I’m guilty of that one, and I’ve likely overlooked a lot of chances for success because I thought they weren’t meant for someone like me. But the times when I have believed in myself and been open to opportunity–to saying no to agents and publishers and going it alone, for example, or to joining in on a *shudder* group project with other amazing authors–have been very rewarding.
And if I believe that I don’t only get one shot, that success is not my only motherf*$%in’ option (contrary to what Eminem might preach in that one very catchy tune) because I will see other opportunities, I can relax about messing up, take more chances, and dream bigger.
Or luck. If I believe I’m lucky and define luck as finding ball bearings on the street, look how lucky I am! If I believe I’m unlucky and won’t find any, I suspect the odds of me seeing them drop significantly. I just won’t be looking for them if I don’t believe I’m lucky enough to have them appear in my path.
What if I broadened my definition of luck? What if I embraced it and didn’t feel guilty about believing I’m lucky/smart/observant/whatever word I choose for it, and really stayed open to what might be out there?
I don’t know a lot about this law of attraction and manifestation stuff so many of my online acquaintances talk about all the time. Do I think the universe is a big genie waiting to grant my wishes if only I focus hard enough on what I want? Do I think opportunity and inspiration and luck and MASSIVE WEALTH spontaneously appear because I desire them enough?
Not really, no.
I do see the underlying, practical logic of it. The psychology of it, maybe. If I focus on the good things in my life, if I’m grateful for what I have, I’m going to be more aware of them. Kind of like how you never notice blue Volkswagens until you buy one, and then they’re everywhere. They were there all along. You didn’t call them into being because you were thinking about them. You simply see what you’re paying attention to.

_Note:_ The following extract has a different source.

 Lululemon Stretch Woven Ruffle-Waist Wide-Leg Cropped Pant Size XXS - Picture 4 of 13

Metal crap on the street, man.
So no, I’m not going all woo-woo mystical and trying to like… vibrate… or whatever it is. But I think, thanks to a ball bearing I almost kicked into the gutter a few months ago, that I kind of get it.

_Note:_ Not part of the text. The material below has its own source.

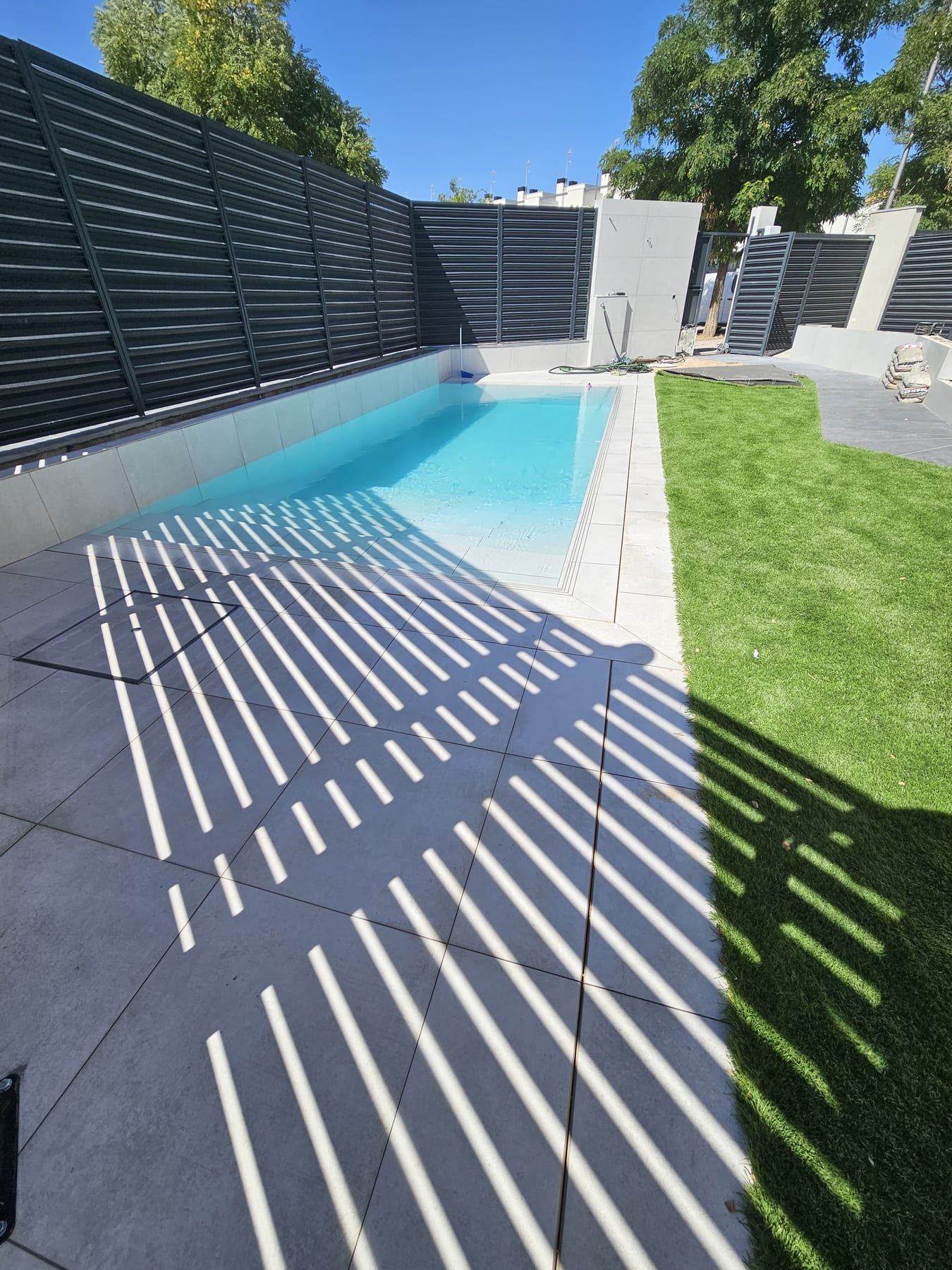 Piscina alargada con escalera de obra de ancho completo, vista 8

Good things are out there. Utter crap is out there, too, if we’re being honest. But I’m trying really hard to stay focused on the good.

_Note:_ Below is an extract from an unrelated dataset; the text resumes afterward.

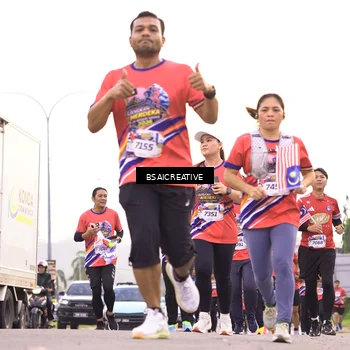 Runner Photo 6004201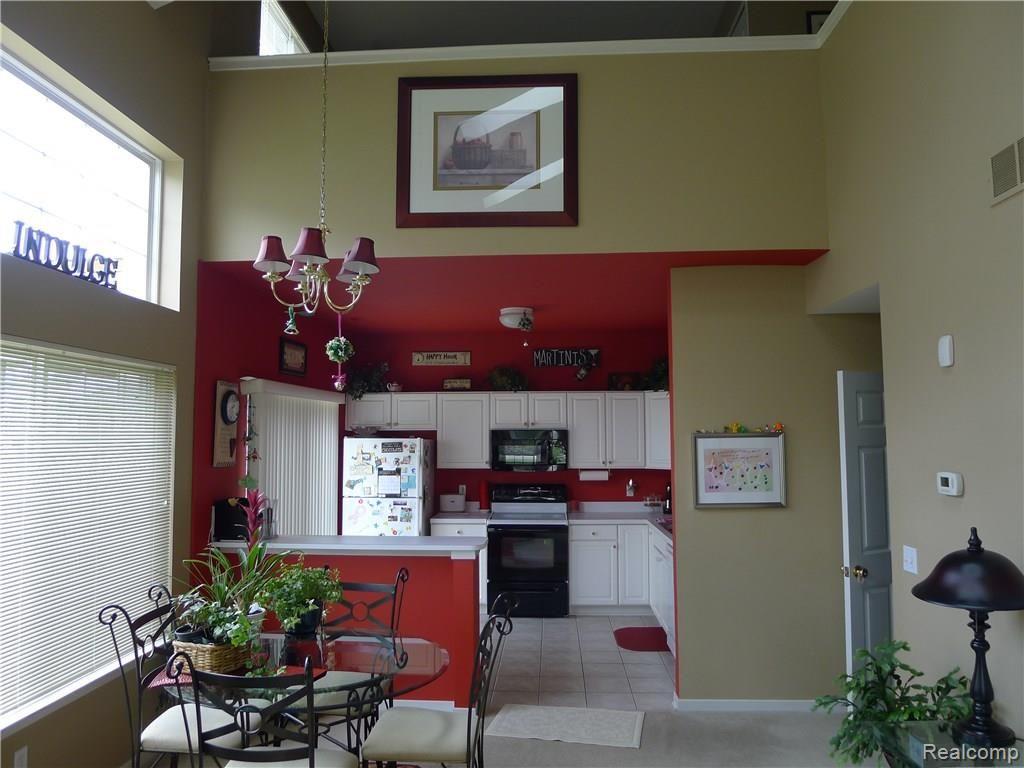 278 Oak Ridge Drive, Unit 88 Pontiac, MI 48341 - Photo 10 of 29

Because what I focus on is what I see. It’s what I get more of.
I’m just keeping my eyes open.
*Though true story, I once saw an empty Vienna sausage can in a snowbank and sincerely hoped–and still hope–that my mental image of some guy wandering down main street casually sucking tiny processed meat sticks directly from the can as he strolled along and then tossing the garbage aside is accurate. It could happen.
**In bed, once. You can’t beat that kind of service.